A simplicidade dos ritos

O Evangelho da Missa de hoje é uma beleza singular. Vale a pena lê-lo devagar, uma primeira vez como quem lê um episódio de um livro narrativo ou uma peça de teatro e saborear cada gesto, cada palavra, cada explicação. E depois, sim, reler, como Palavra de Deus que ilumina a nossa vida.
A passagem é conhecida: Evangelho de São Lucas, capítulo 7, versículos 36 até ao 50, o episódio da mulher pecadora aos pés de Jesus. O P. Tolentino Mendonça será a pessoa em Portugal que mais sabe sobre esta passagem: a sua tese de doutoramento está relacionada com este episódio.
Pessoalmente gosto muito dela pelas atitudes desta mulher anónima, que é conhecida por ser pecadora e que, com muita humildade e discrição, sem aviso nem autorização, aproxima-se de Jesus, ajoelha-se aos seus pés, lava-os com as suas lágrimas, enxuga-os com os seus cabelos, beija-os e derrama sobre eles um perfume caro.
Ela não explica a ninguém, nem ao próprio Jesus, porque é que faz isso e com que intenção. Os ritos fazem-se em silêncio, sem exuberância, e não se explicam. É Jesus quem vai decifrar todos os gestos resumindo-os numa palavra: amor (São-lhe perdoados os seus muitos pecados porque muito amou, é a resposta de Jesus).
Assim acontece na liturgia, ou pelo menos devia acontecer. As nossas celebrações, de por si rituais, às vezes são exageradas com os ritos que queremos acrescentar, monições que queremos fazer, numa tentativa catequética, porque as pessoas não percebem ou, pior ainda, para enriquecer uma celebração. Em liturgia aprendemos que o rito se explica a ele próprio e, na nossa tradição latina, quase sempre vem acompanhado com uma oração que o explica. Digo, assim deveria ser na nossa liturgia: ver o rito, saboreá-lo, escutar o que ele nos diz, não por palavras mas pelo silêncio, como os desta mulher. Porque é Cristo quem os explica e lhes dá sentido.

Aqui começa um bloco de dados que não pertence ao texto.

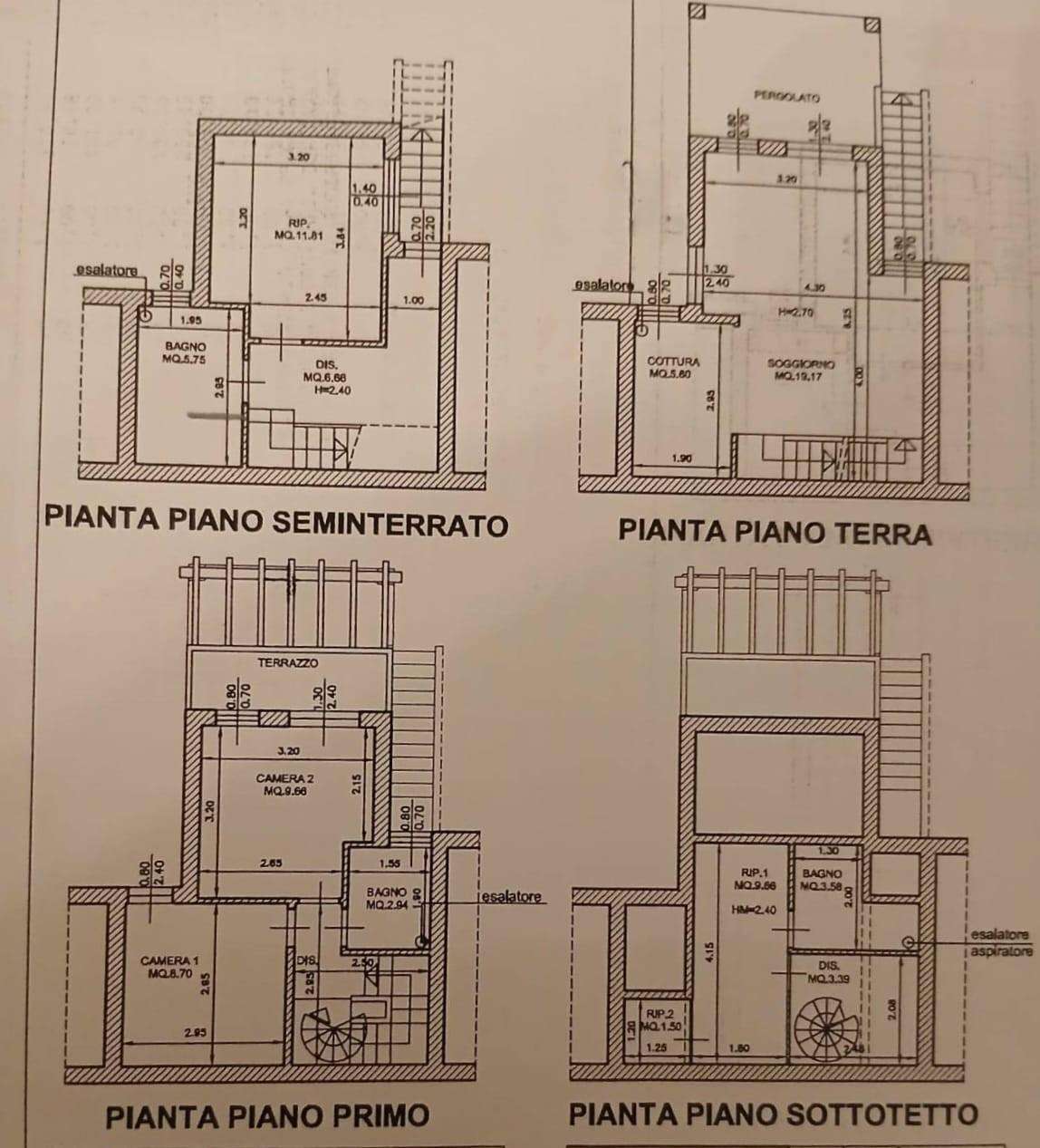  - foto 15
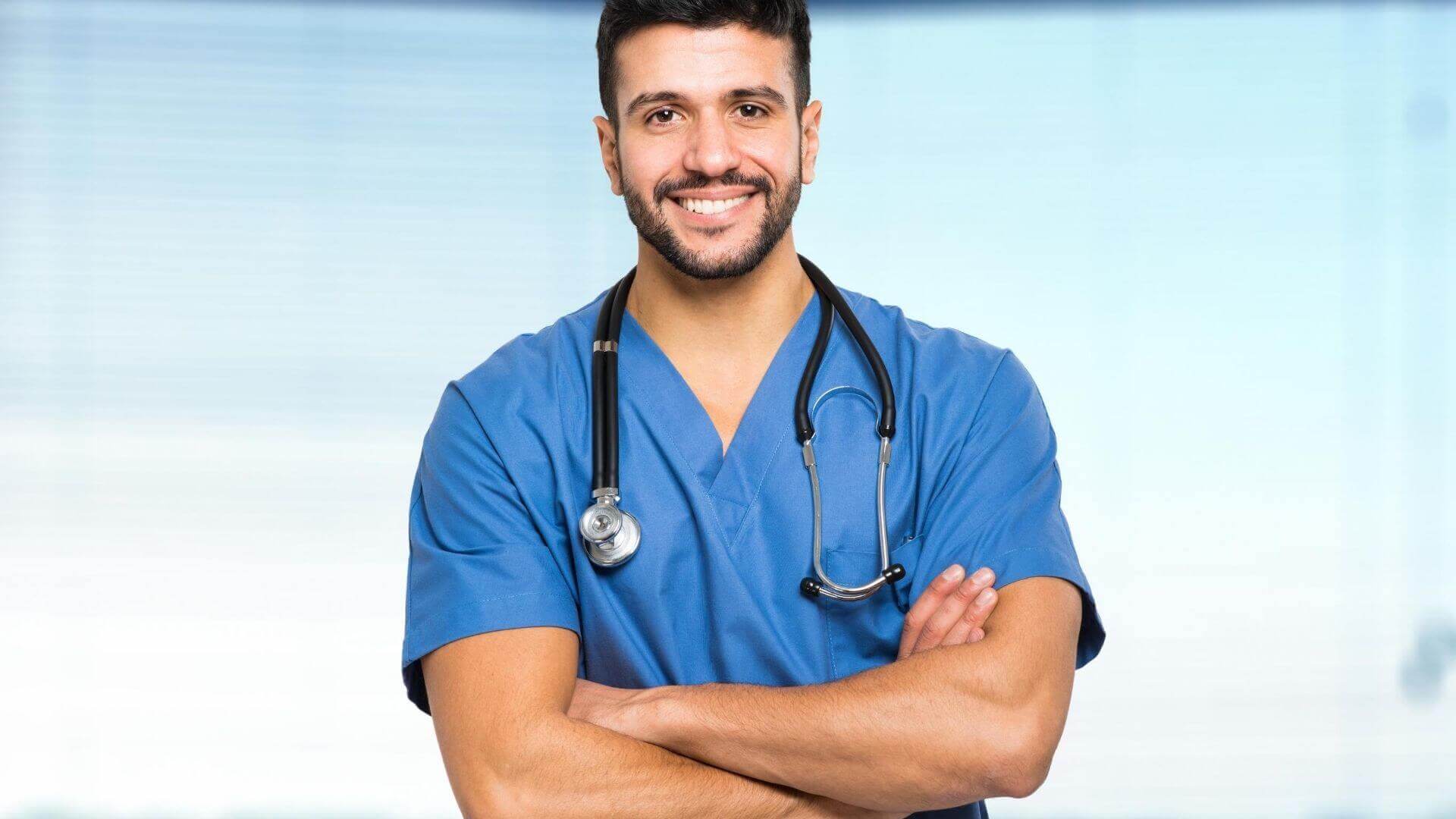 The Exciting Rigors of a Traveling Nurse Career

Nós, de rito latino, deveríamos aprender a arte do silêncio e a simplicidade do gesto litúrgico. Muitas vezes a austeridade e a simplicidade são o trono necessário para expor o rito.
Confesso que me cansam celebrações muito carregadas de gestos e monições. A explicação excessiva do que se celebra, faz de quem está a participar analfabetos, não-educados para o rito humilde e generoso que sai da ação litúrgica.
(Imagem: Cristo em casa de Simão, Moretto da Brescia, séc. XVI)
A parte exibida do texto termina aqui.